*** INFORMATION SUPPLIED ***

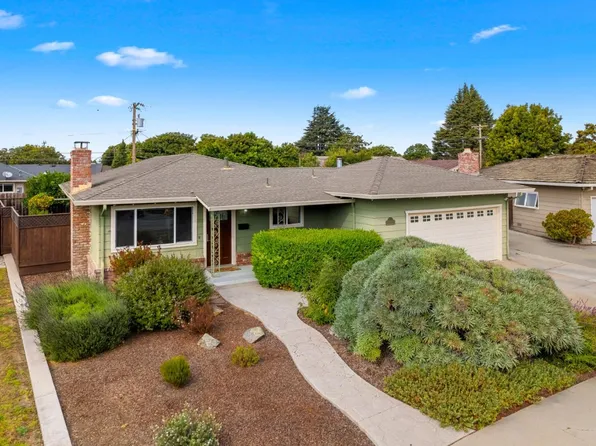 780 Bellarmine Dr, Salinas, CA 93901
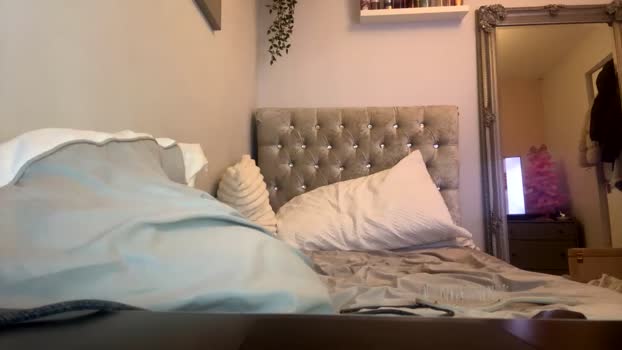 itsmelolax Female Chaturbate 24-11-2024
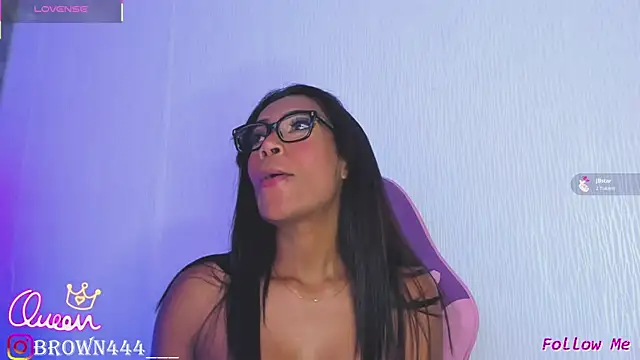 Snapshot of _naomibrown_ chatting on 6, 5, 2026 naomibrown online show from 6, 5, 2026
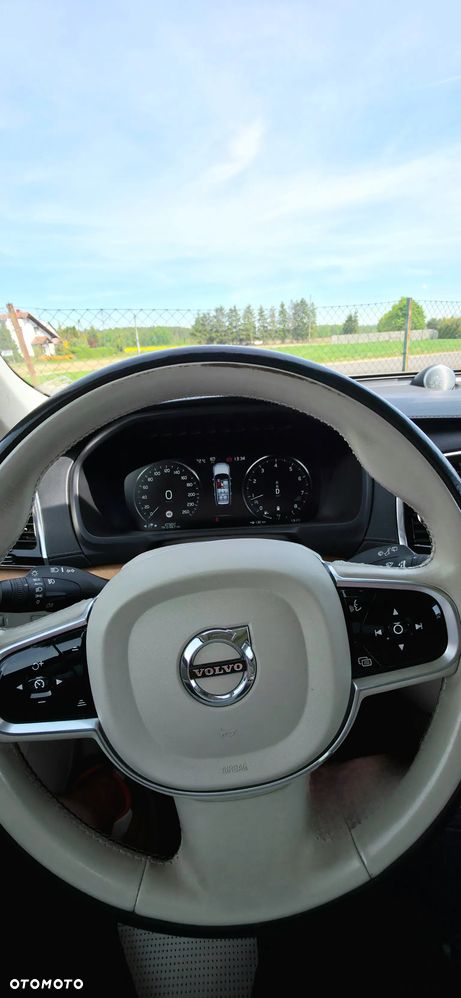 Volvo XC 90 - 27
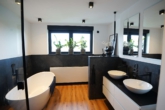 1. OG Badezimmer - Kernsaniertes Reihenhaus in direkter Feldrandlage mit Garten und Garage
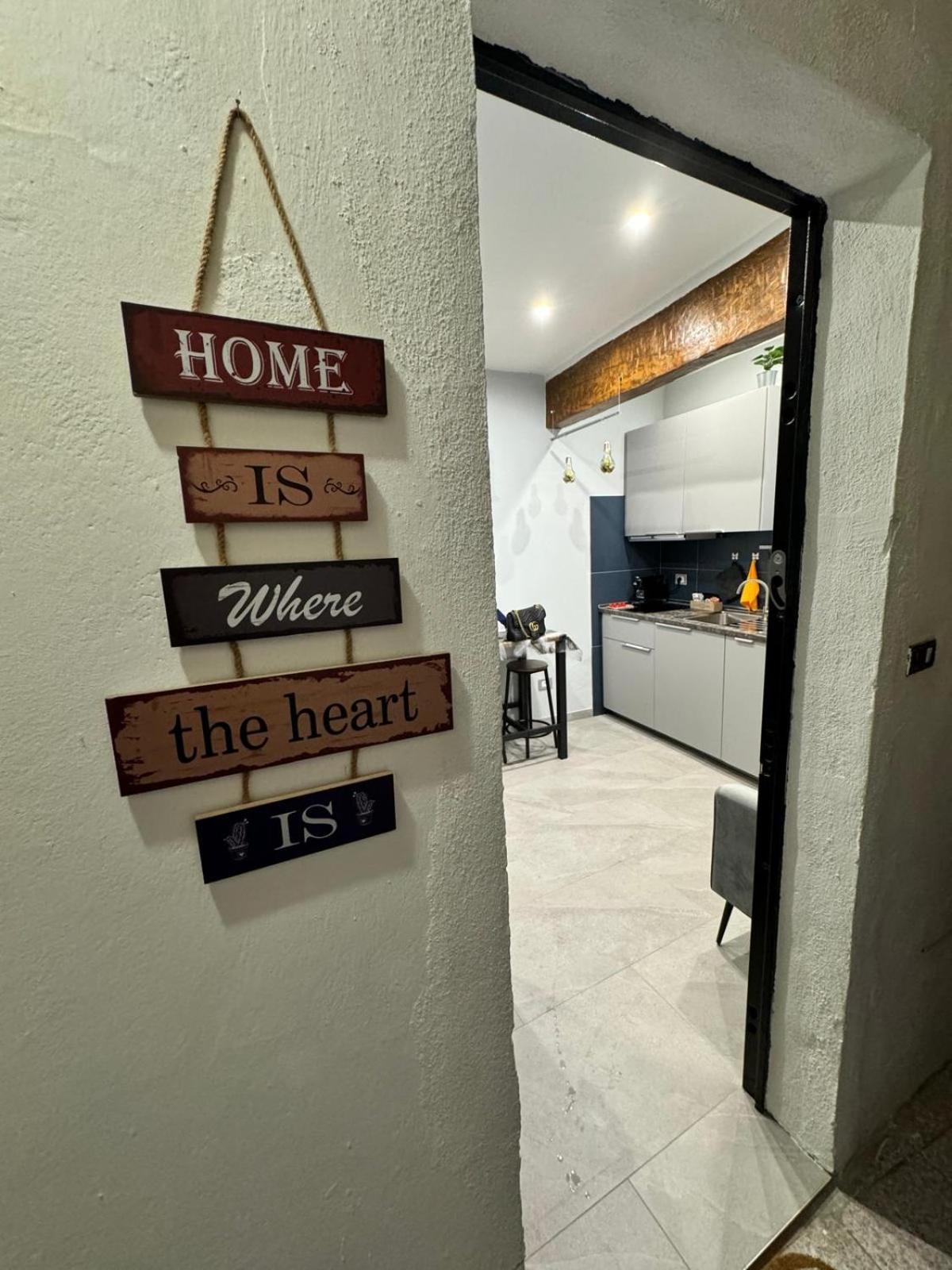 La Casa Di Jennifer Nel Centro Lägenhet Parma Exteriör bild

*** End of INFORMATION SUPPLIED ***
*** INFORMATION SUPPLIED ***

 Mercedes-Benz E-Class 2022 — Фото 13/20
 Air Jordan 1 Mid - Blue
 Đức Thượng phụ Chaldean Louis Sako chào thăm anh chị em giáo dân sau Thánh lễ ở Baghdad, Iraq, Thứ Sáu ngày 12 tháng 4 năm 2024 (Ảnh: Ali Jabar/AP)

*** End of INFORMATION SUPPLIED ***
*** INFORMATION SUPPLIED ***

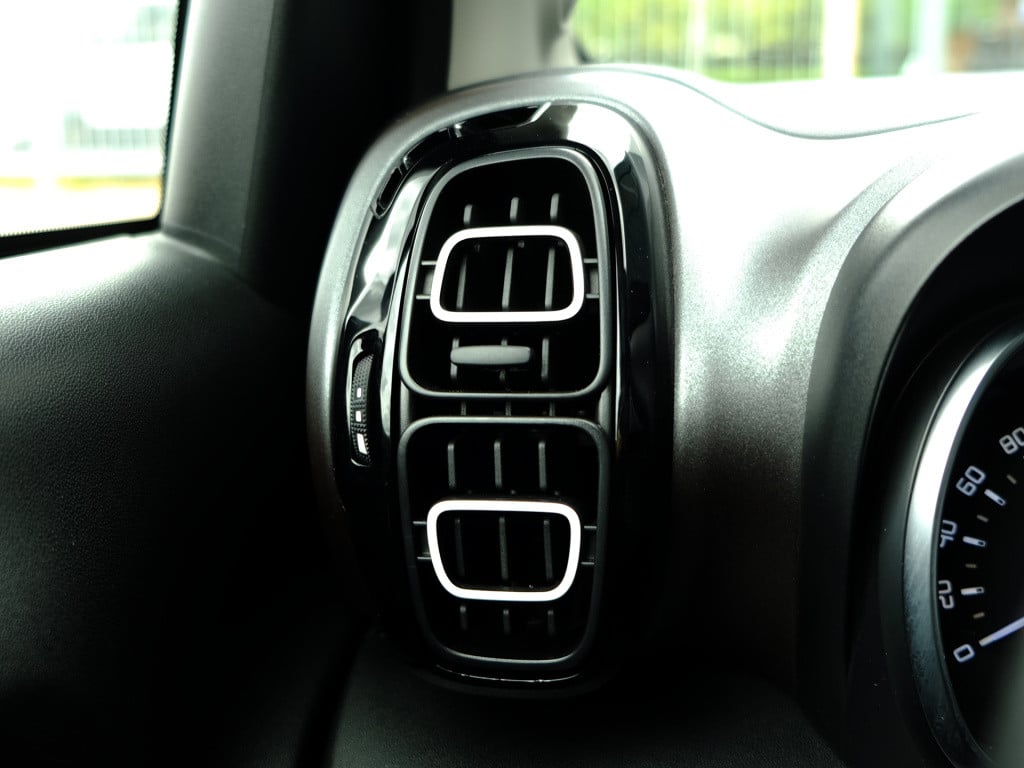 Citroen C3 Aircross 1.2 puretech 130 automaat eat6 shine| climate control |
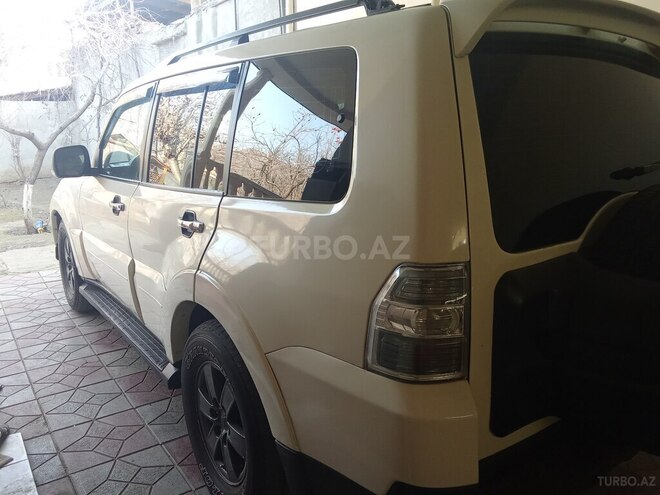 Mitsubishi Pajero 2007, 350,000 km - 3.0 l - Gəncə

*** End of INFORMATION SUPPLIED ***

TASK TO CARRY OUT
Nothing except the lines from the one containing "Volvo XC 90 - 27" through the one containing "La Casa Di Jennifer" should appear in the answer, exactly as above and without pictures.

SOLUTION TO THE EXERCISE
 Volvo XC 90 - 27
 1. OG Badezimmer - Kernsaniertes Reihenhaus in direkter Feldrandlage mit Garten und Garage
 La Casa Di Jennifer Nel Centro Lägenhet Parma Exteriör bild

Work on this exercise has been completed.